DATA RECORDS:
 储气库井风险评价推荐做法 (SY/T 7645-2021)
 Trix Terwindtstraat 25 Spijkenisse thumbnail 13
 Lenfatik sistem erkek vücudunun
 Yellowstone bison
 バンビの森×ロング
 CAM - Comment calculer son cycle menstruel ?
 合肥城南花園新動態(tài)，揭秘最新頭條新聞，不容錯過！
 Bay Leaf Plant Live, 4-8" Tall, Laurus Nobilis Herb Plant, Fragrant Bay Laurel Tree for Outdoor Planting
==
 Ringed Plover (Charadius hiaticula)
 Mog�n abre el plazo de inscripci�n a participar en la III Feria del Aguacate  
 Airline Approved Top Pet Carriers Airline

EXERCISE BRIEF: In the entries above, find the line with "Mog�n abre el" and the line with "Airline Approved Top Pet Carriers Airline", then restate word for word both of them and every line between, with nothing more.

SOLVED PROBLEM:
 Mog�n abre el plazo de inscripci�n a participar en la III Feria del Aguacate  
 Airline Approved Top Pet Carriers Airline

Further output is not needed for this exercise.